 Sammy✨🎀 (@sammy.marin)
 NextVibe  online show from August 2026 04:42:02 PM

==

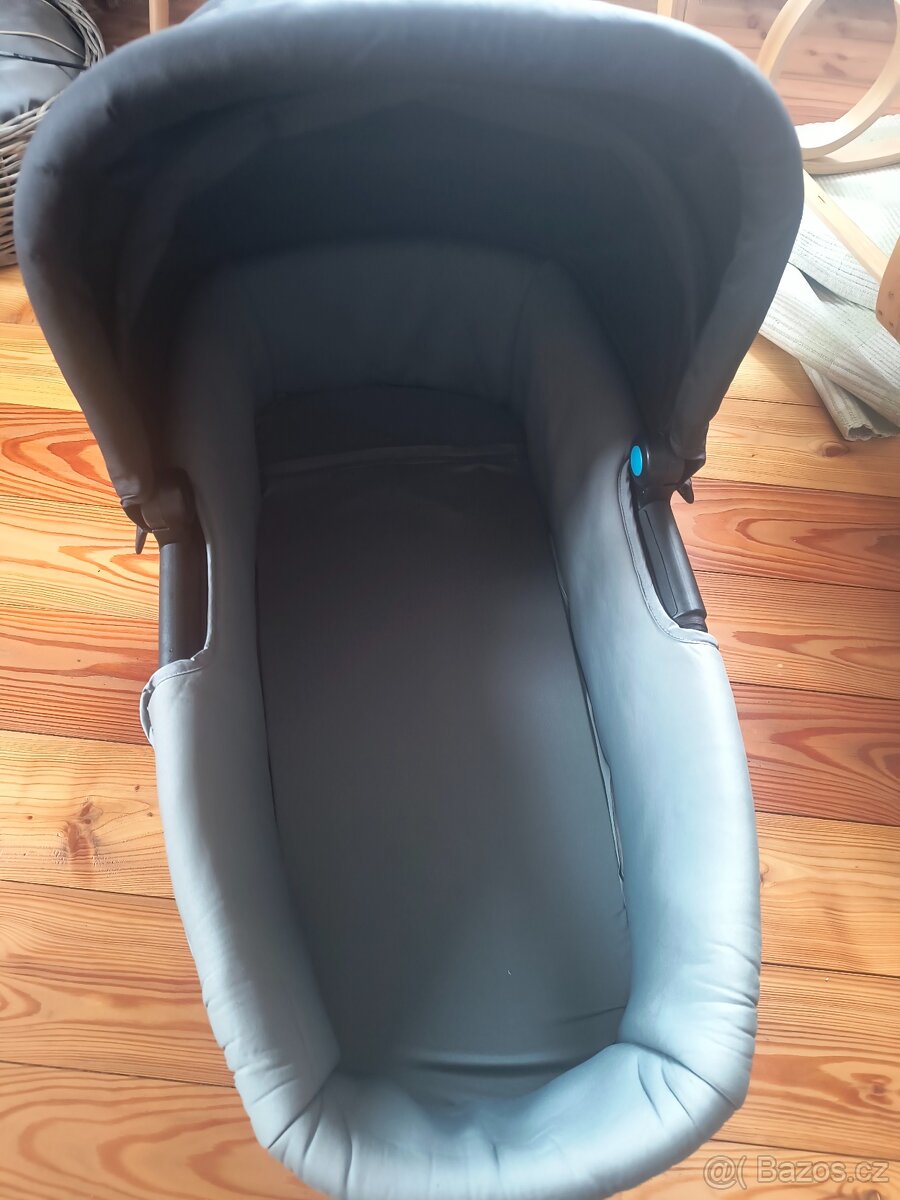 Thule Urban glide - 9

---

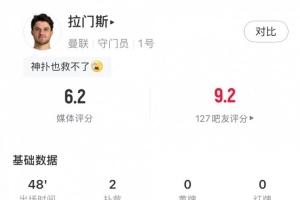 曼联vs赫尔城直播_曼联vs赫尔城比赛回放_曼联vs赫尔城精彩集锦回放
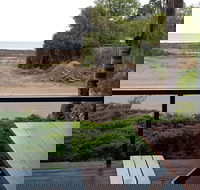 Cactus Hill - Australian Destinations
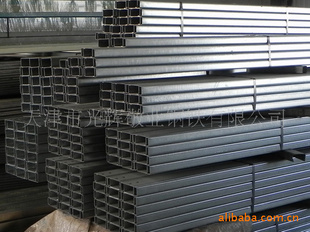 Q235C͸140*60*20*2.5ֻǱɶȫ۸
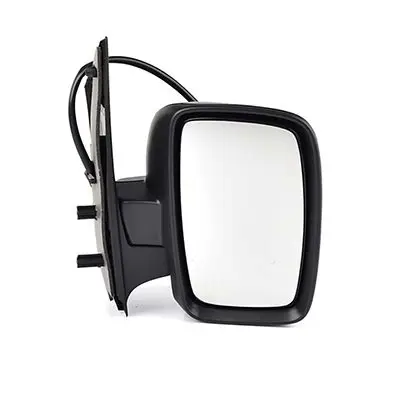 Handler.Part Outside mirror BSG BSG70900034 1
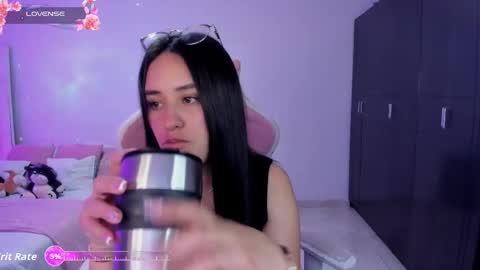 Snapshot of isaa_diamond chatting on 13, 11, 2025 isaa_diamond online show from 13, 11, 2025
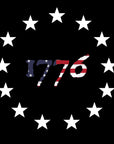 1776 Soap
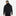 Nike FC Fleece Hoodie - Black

**Exercise:** Using the data above, which lines fall from the one with "曼联vs赫尔城直播_曼联vs赫尔城比赛回放_曼联vs赫尔城精彩集锦回放" through the one with "Nike FC Fleece Hoodie - Black"? Repeat them exactly, ends included, minus any pictures.

**Exercise answer:**
 曼联vs赫尔城直播_曼联vs赫尔城比赛回放_曼联vs赫尔城精彩集锦回放
 Cactus Hill - Australian Destinations
 Q235C͸140*60*20*2.5ֻǱɶȫ۸
 Handler.Part Outside mirror BSG BSG70900034 1
 Snapshot of isaa_diamond chatting on 13, 11, 2025 isaa_diamond online show from 13, 11, 2025
 1776 Soap
 Nike FC Fleece Hoodie - Black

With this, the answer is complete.